Indiana’s 2nd Congressional District has seen more than its fair share of economic ups and downs. If you go back to 2009 Census economic data, at the peak of the recession, and zoom in on Elkhart County, one of the population centers of the 2nd, you would have seen a catastrophically high unemployment rate of 16.1 percent, well over the national average that year of 9.9 percent. If you look at 2014 data (the most recent that the Census has reported), Elkhart County’s unemployment is down to 4.6 percent, considerably lower than that year’s national average of 7.2 percent. It’s such a turnaround success story that Barack Obama, who made Elkhart one of his first stops after being inaugurated to sell the stimulus package, took a victory lap, returning to Elkhart in June to tout its recovery.
So what’s going on in Elkhart that caused it to fall so far and bounce so high again? It’s something of a company town, heavily reliant on one unusual industry: The manufacture of recreational vehicles, as well as modular and mobile homes. RV purchases were already troubled in the 2000s because of spiraling gas prices, and then once the financial crisis unfolded, luxury purchases like RVs became the last thing on anyone’s mind (and the housing supply overhang certainly cut into demand for new mobile homes). But with income bouncing back and gasoline at historically low prices, guess what people are buying again? (Elkhart is also known, to a lesser extent, for the manufacture of brass — not just industrial equipment, but also band instruments, another item that got quickly pitched over the side of the lifeboat in a time of crisis.)
While Elkhart is especially known for its mobile home industry, there are specialized manufacturers all over the 2nd district, including in South Bend, the other major city in the district. While most of the district’s population is concentrated in these two cities near the Michigan border, there are also a lot of small towns in the more sparsely-populated southern part of the 2nd with their own specialties. Your water meter, for instance, was, in all likelihood, manufactured here, in the town of Wabash. Add that all up, and you have the district with the highest percentage of people working in manufacturing jobs: 26 percent of the civilian work force in 2014, more than double the national average of 10.3 percent.

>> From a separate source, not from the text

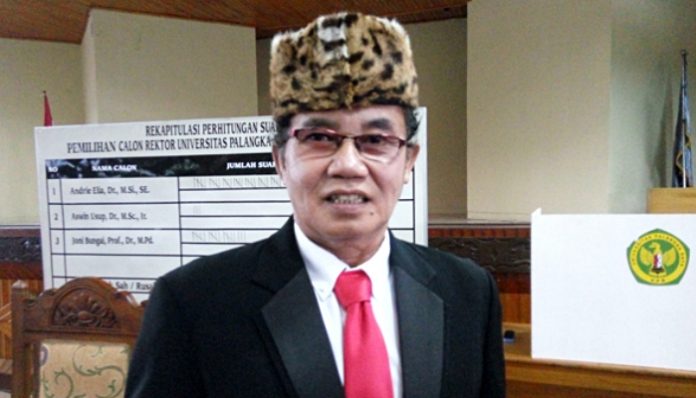 Ketua KAGAMA Kalimantan Tengah (Kalteng), Andrie Elia Embang, menyatakan harapannya setelah genap berusia 61 tahun. Foto: Borneo News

When you think “manufacturing,” you probably think really heavy industry, or “smokestack industry” as pundits often call it: steel mills, or auto plants, or other dystopian-looking facilities that sprawl across a lot of land, dominate the skyline, belch a lot of smoke. Along those lines, if asked where the manufacturing jobs are, you’d probably volunteer Detroit, Chicago, Cleveland. But that’s just not the case any more—much of the heavy industry in those places has left those cities, and as major population centers, there are lots of people there employed in the FIRE sector, in health care, and at universities.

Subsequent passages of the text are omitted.